Atrophic vaginitis is a condition that causes the vagina and tissues near the vagina to get dry, thin, and inflamed. This can be uncomfortable or make sex painful. Atrophic vaginitis is sometimes called “vaginal atrophy.”
Atrophic vaginitis happens when your body does not make enough of a hormone called estrogen. This often happens after you have gone through menopause (meaning you have stopped having a monthly period). It can also happen if your ovaries were removed, if you take certain medicines, or if you are breastfeeding.
The symptoms include:
- Vaginal dryness
- Vaginal burning or irritation
- Making less lubrication during sex
- Pain during sex
- Bleeding when something touches or rubs the vagina, for example, after sex. (If you have this symptom, be sure to see a doctor.)
- Vaginal discharge (leaking fluid from the vagina)
- Urinary problems, such as having to urinate often, having pain with urination, or leaking urine. (If you have these symptoms, be sure to see a doctor.)
No. There is no test. But your doctor or nurse should be able to tell if you have it by learning about your symptoms and doing an exam.

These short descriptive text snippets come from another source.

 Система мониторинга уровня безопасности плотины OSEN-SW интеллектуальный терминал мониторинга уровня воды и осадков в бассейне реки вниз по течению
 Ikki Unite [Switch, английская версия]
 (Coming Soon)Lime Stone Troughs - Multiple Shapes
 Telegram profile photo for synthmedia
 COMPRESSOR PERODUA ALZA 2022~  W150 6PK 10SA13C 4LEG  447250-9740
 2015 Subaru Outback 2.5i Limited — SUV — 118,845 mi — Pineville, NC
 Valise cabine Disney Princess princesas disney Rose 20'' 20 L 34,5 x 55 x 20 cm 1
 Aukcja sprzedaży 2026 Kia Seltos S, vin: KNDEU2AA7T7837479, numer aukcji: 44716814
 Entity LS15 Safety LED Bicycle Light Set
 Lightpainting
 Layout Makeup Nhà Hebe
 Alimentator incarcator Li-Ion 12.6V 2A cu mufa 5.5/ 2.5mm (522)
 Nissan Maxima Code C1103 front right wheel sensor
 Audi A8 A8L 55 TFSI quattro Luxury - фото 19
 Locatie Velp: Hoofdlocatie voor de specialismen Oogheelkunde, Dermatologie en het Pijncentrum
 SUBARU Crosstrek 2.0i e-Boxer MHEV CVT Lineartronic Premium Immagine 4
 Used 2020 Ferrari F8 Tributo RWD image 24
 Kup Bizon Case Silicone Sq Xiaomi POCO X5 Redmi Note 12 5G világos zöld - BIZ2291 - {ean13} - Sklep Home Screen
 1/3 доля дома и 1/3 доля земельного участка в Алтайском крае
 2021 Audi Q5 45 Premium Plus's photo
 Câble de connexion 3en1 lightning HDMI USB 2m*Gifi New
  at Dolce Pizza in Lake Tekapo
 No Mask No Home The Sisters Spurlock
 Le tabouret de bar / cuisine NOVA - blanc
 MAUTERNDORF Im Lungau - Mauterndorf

Yes. Some people feel better if they use lubricants before sex and use a vaginal moisturizer (sample brand names: Replens, K-Y SILK-E), several times a week. Vaginal moisturizers are not the same as lubricants. They help keep the vagina moist all the time, not just during sex.
See your doctor or nurse if you have symptoms of atrophic vaginitis and they bother you.
Some people never tell their doctor they are having symptoms. Often they are embarrassed or think the symptoms are a normal part of aging. But this is a common medical issue and there are treatments that can help.
The most effective treatment for atrophic vaginitis is the hormone estrogen. When using estrogen to treat atrophic vaginitis, doctors recommend “vaginal estrogen.” Vaginal estrogen is any form of estrogen that goes directly into the vagina. It comes in creams, tablets, or a flexible ring. Vaginal estrogen comes in small doses that don’t increase the levels of estrogen in other parts of the body very much.
Estrogen also comes in higher doses in a pill, a skin patch, or a different vaginal ring. These are sometimes called “hormone replacement therapy.” Vaginal estrogen is better for treating symptoms of atrophic vaginitis. But if you have other menopause symptoms, such as hot flashes or night sweats, your doctor can talk to you about whether higher-dose estrogen is an option. There are different risks and benefits, and some people cannot safely take high doses of hormones.
Besides estrogen, medicines that can treat atrophic vaginitis include:
- Ospemifene(brand name: Osphena) is similar to estrogen, but is not estrogen. It comes as a pill you take once a day. It can cause hot flashes.
- Prasterone, also called dehydroepiandrosterone (DHEA), is a medicine that you put into your vagina once a day. It comes as a “suppository,” which is similar to a tablet or pill but goes directly into the vagina.
Other treatments are also available, but are not used as often.